I was talking with Marie today, and an idea popped out of my mouth without my thinking about it. Maybe I had better explain what I mean.

Marie joined our Sangha last night; and during the discussion of the Dharma reading we talked (among other things) about how and why people in small towns distrust educated people from the Big City. A couple of different theories were advanced. 

This morning Marie picked up the topic again and we discussed it a while longer. Marie tried to argue that the reason rural people resist regulation (she assumed that they do) is that since nobody else lives nearby it's not "intuitively obvious" that restrictions on individual behavior help everyone by protecting us from each other. I suggested (on the contrary) that of course rural people understand that; but their idea of what restrictions make sense is based on their experience.

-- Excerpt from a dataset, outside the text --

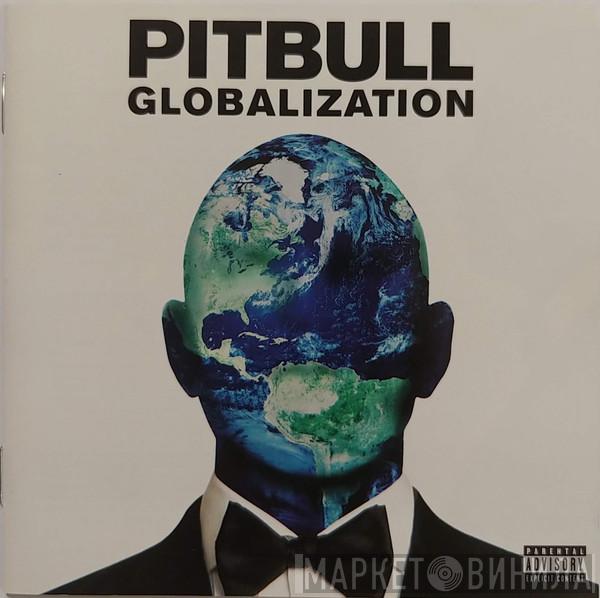  Pitbull  - Globalization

Since their experience is different from the experience of urban folk, they will accept restrictions that urban folk reject and vice versa.

And then suddenly somehow I found myself talking about guns. What I told Marie was:

That's why there's a disagreement about guns. See, rural folk assume that their neighbors are a lot like themselves. They'll tell themselves, "I know how to handle a gun, I know how to treat it responsibly, and I know I won't shoot my neighbor—because he's a human being, and you don't shoot people. It's basic. So I trust my neighbor to do the same. But I don't trust the local mountain lions (or coyotes, or bears, or whatever) so I want to make sure I have a weapon to protect against them!"

On the other hand, city folk don't take that attitude because they are surrounded by thousands of strangers and don't even recognize them as human beings. We all know that the human brain can only cope with communities of about 150 or so: there's been research on that. So when you live in a city of hundreds of thousands of people—or millions, or even more—your brain shuts down. You stop processing those faces as real human beings. As far as you are concerned, they are just animals, or NPC's [Non-Playing Characters]. Therefore you can't trust them with guns, … and honestly they can't trust you either.

Only after I'd finished saying this did I realize what I had said. Wait … do I really believe that? Do I really believe that city-dwellers (like myself, for example) regard most of their fellows as empty faces who aren't fully human? It's a scary thought.

On the other hand, I can't convince myself that it is obviously wrong, either. And it provides an explanation for the quip so often attributed to Joseph Stalin: "A single death is a tragedy; a million deaths is a statistic." If the million are only NPC's, why should they be any more than a statistic?

Of course, if you are one of the million then things might not look so aseptic. As I say, it's a scary thought.